The novel speaks to our fractured times, as it focuses on two outsiders to bigoted mainstream society: the atheist artist Stephen Dedalus, and the Irish Jew Leopold Bloom.
The book has so many passages of exquisite beauty that it would be hard to pin down a section which speaks to the heart of the matter. But if any passage does encapsulate the book, it's this one. Bloom is in a pub confronted by antisemites, after another fruitless day trying to sell advertising for a local newspaper. The discussion gets heated, until Bloom, "limp as a wet rag," collapses and gives his cri de couer
All political ideologies and statements, all grand utopian visions, tremble at this simple formulation.—But it's no use, says he. Force, hatred, history, all that. That's not life for men and women, insult and hatred. And everybody knows that it's the very opposite of that that is really life.—What? says Alf.—Love, says Bloom. I mean the opposite of hatred.
We are in the midst of a time when "insult and hatred" seem to abound. Where those seeking power do so by scorching the earth beneath their enemies' feet. We have a soi disant president who uses the worst rhetoric of twentieth century dictators, seeking to divide citizens one from another in an increasingly desperate effort to maintain power. We see fearful electorates across the Western world, afraid of change, seeking solace in a history in which things were "right". Alf, Bloom's antagonist in that chapter, is a narrow-minded, nationalistic bigot. He is exactly the type of person being catered to by our political moment.

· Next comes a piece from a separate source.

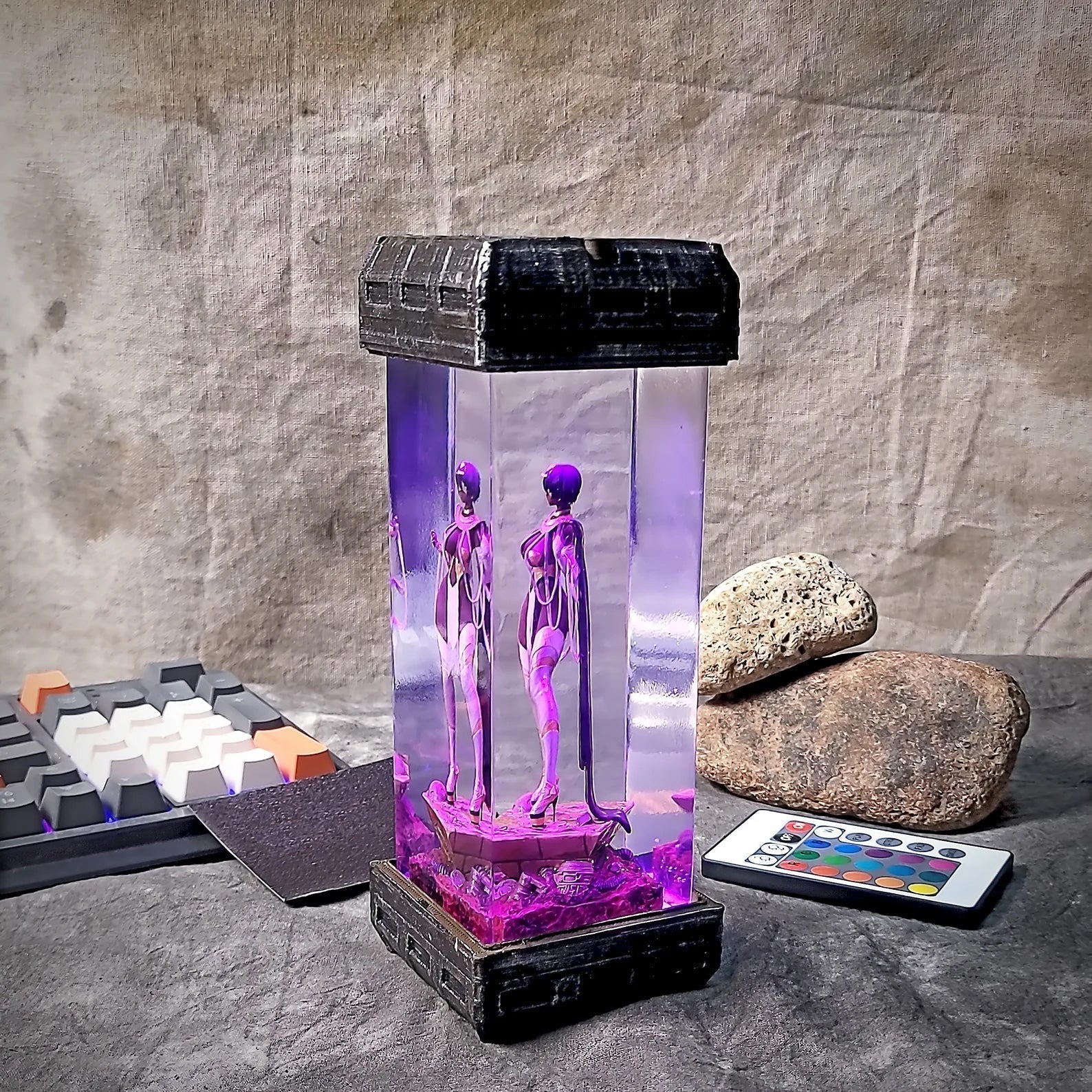 Nier Automata Diorama Epoxy Resin Lamp - ArtFIGU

But, as Bloom says, that's no life for men and women. It's the kind of life which has kept humanity in the dark for its entire history on this world. War, violence, rape, death: Those are the consequences of elevating the values which create the leaders which have been typical of humanity for thousands of years: the conquerors, the powers and principalities. It's led to nothing but cycles of destruction and rebuilding, like the Hindu cycle of birth, death, and rebirth, living and failing to learn the same lessons over and over again.
The cognoscenti will and have scoffed at Bloom's statement. But they do so because they're so invested in the cycle which Bloom, and by extension his creator Joyce, is trying to escape from. As a Jew, Bloom knows all too well what awaits those like him in this world of force and hatred. It's the weak who get it in the neck, as scapegoats must be found, as human offerings are made to appease Moloch. For them, love isn't some woolly-headed idea; it may be the only thing which keeps them alive. It's the idea which animated Martin Luther King, Jr. One can't meet hatred with hatred and expect to come away unscathed.
I don't know how, but somehow humanity has to extricate itself from this neverending, destructive cycle. The "realists" aver that conflict is what produces human greatness. That from war, new flowers bloom. But how many flowers are cut down? How many more would bloom if they weren't faced with the threat of violent death? The people who say that haven't spoken with survivors of war. War is abstracted, violence is a cleansing.
On this Valentine's Day, we could do worse than reflect on how we can replace hatred with love. And by this, I don't mean we have to be passive, or submit ourselves to oppression. But at some point we have to break the cycle. It's the difference between the peace imposed on Germany after the First World War, and the rebuilding spearheaded by the US after World War II. We have to rebuild the human community, or it shall surely perish.